The paper cites established frameworks that can be used both to conduct and to evaluate strategic foresight. The generic framework created by Joseph Voros can be used to “diagnose” a foresight activity that wasn’t 100% successful – like that of the Hungarian MoD – into one of three possible categories: reactive, shallow or shallow/narrow. The team concluded that the Hungarian MoD’s approach was shallow because it omitted two of the key stages of strategic foresight: it didn’t “interpret” events to understand them beyond their surface-level appearance and it didn’t “prospect” to theorise as to what might happen rather than assume that the previous trend will continue.
Having made the diagnosis, the team then tried to discover why the Hungarian MoD had missed the interpretation and prospecting phases. They turned to the work of Rafael Popper, a leading foresight analyst who created a method of classifying foresight methods into four categories. Popper’s research demonstrates that the foresight methods used tend to illustrate an organisation’s beliefs and culture, which can adversely impact the accuracy and effectiveness of foresight predictions. Applying Popper’s classification framework to the Hungarian SAG’s methods showed that they fell into only two of the four possible categories, which made it incomplete.

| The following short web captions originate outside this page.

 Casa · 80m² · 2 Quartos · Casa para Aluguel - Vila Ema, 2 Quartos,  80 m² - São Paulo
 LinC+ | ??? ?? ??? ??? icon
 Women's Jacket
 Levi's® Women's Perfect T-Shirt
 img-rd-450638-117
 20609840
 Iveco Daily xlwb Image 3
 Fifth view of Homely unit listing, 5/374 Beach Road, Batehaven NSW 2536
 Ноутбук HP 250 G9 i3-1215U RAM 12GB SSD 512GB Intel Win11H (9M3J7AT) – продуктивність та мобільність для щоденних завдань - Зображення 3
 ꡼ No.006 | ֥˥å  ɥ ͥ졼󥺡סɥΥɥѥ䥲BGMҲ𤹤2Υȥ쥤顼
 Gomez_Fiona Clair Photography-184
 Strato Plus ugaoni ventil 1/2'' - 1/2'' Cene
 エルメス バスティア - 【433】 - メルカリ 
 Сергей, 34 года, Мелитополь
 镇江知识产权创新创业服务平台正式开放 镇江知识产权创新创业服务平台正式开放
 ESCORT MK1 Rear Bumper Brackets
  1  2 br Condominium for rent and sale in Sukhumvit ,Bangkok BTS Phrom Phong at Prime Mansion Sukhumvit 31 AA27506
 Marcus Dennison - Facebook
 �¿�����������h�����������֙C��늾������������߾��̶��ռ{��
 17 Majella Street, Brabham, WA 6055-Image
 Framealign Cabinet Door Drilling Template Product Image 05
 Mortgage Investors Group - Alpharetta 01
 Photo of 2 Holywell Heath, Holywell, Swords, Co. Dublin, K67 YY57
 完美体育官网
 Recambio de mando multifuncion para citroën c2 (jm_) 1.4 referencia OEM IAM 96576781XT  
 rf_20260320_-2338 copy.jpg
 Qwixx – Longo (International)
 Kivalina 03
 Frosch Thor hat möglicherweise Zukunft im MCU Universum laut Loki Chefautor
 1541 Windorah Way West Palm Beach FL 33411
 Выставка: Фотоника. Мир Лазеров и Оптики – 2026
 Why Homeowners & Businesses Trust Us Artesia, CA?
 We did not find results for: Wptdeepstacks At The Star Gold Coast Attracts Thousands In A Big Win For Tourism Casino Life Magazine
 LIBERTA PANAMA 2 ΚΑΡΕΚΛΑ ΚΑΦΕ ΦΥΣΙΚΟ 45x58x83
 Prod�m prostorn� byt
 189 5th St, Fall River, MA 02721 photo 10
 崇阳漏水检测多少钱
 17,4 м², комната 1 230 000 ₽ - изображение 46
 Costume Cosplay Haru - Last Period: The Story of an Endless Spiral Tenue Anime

This demonstration of how foresight methods can be analysed and evaluated is what made the case study so pertinent to NATO’s guidance.
Making a lasting change to NATO guidance and training
Historically, the military has used intelligence methods to anticipate future outcomes. This relies on making predictions based on facts. Dr Nemeth offers an alternative point of view: “Foresight says you don’t necessarily need the best facts – you need to broaden the horizon of the organisation. Intelligence methods have polluted the foresight methods used in military organisations, as in the case of the Hungarian MoD.”
Dr Nemeth’s case study appearing in the NATO manual on strategic foresight is the first time this strength of rationale has been used to support this type of guidance and training. It is the only case study of its sort that will be used to guide all 32 member countries from intelligence-based predictions to effective strategic foresight approaches.
The original intention for this article was to create a kind of idea-busting framework of where foresight models can either go badly or in the right way. Its appearance in the NATO manual really vindicates our research. It’s about more than just writing academic papers – now it’s something that organisations throughout the Translatlantic region will use and are already using. It’s a very good feeling that we’re having a real impact.”
Dr Bence Nemeth, co-author of the research paper
Bence Nemeth is a Senior Lecturer in Defence Studies. He primarily teaches British and international military officers at the Defence Academy of the UK. Strategic foresight is included in his Intelligence in Conflict module, part of the online MA in International Affairs.